We will start the process definitely in less than 12 months. Before that, we think by the end of this year we will be past $850 million (Rs 3,870 crore) in terms of investing from our infrastructure fund. We will announce a few more deals before the year ends.

As for the European crisis, it is a concern and I think it will force people to choose very carefully. I don’t think money will disappear, it will just become selective. Raising a fund, will be a task but it should be manageable. Besides, our track record will help us in raising the required fund.

3i also has a growth fund, but we have not seen much activity from that side.
No one has done much activity on that side. We have looked at a couple of deals but valuations are very high.

We have invested more in the infrastructure story, as it is in a rising market and it is easier to do a deal where revenue is far-out.

These are companies where public markets are a benchmark but not a real option. But for growth companies, public markets are a real option and people are pricing off the public market, and that is a bit of a problem.

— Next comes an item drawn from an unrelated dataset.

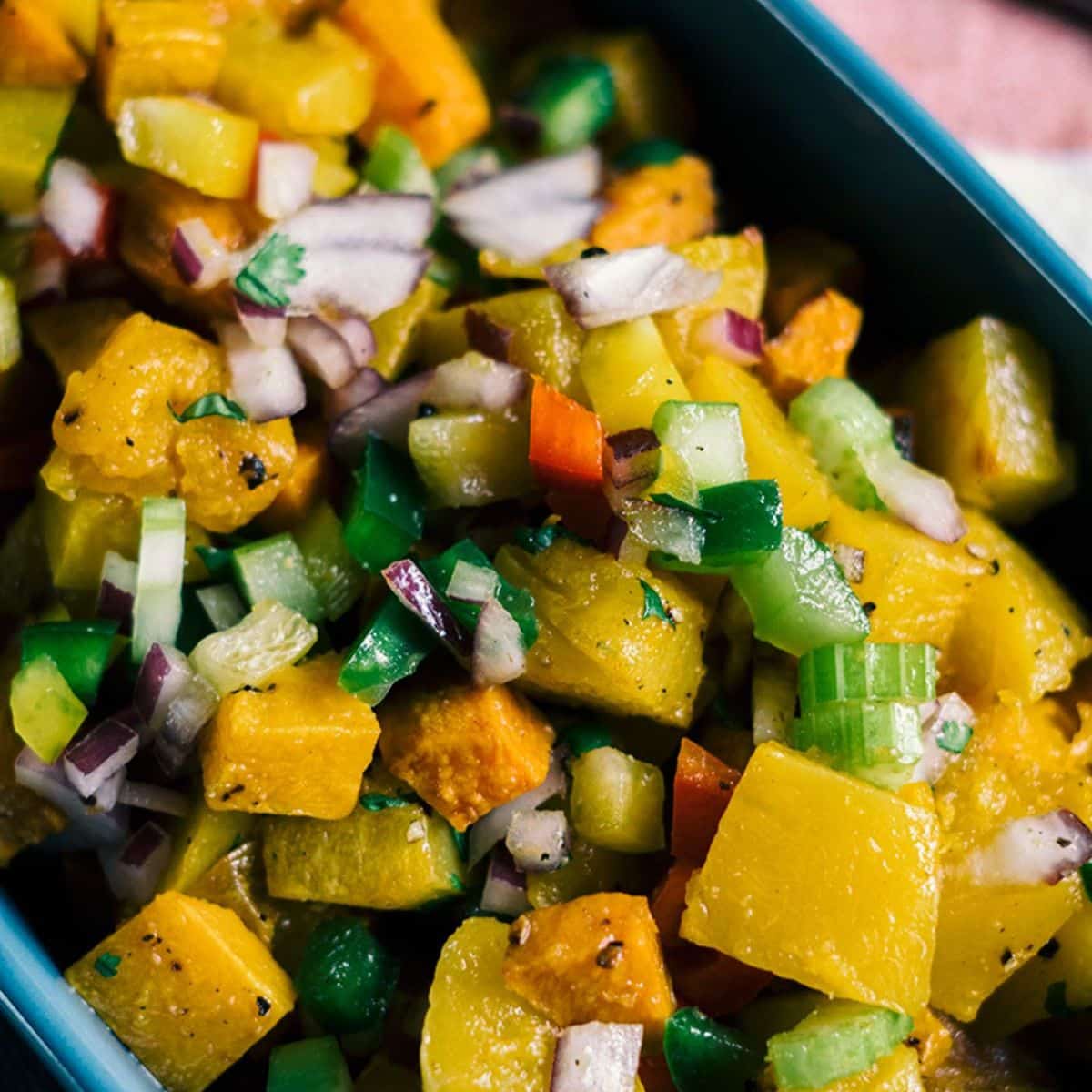 Roasted Sweet Potato Vegetable Salad Featured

Are valuations in the private equity market very high?
That’s because 50-60 people are running after the same deal at any point. We have to understand what happened in 2007-08.

There was a lot of money raised and that had a three-four-year investment period. That is going to finish and deals have not been done. Since deals have not happened, there is a risk that they could run out of time and are unable to use that capital.

So, people are desperately trying to do deals.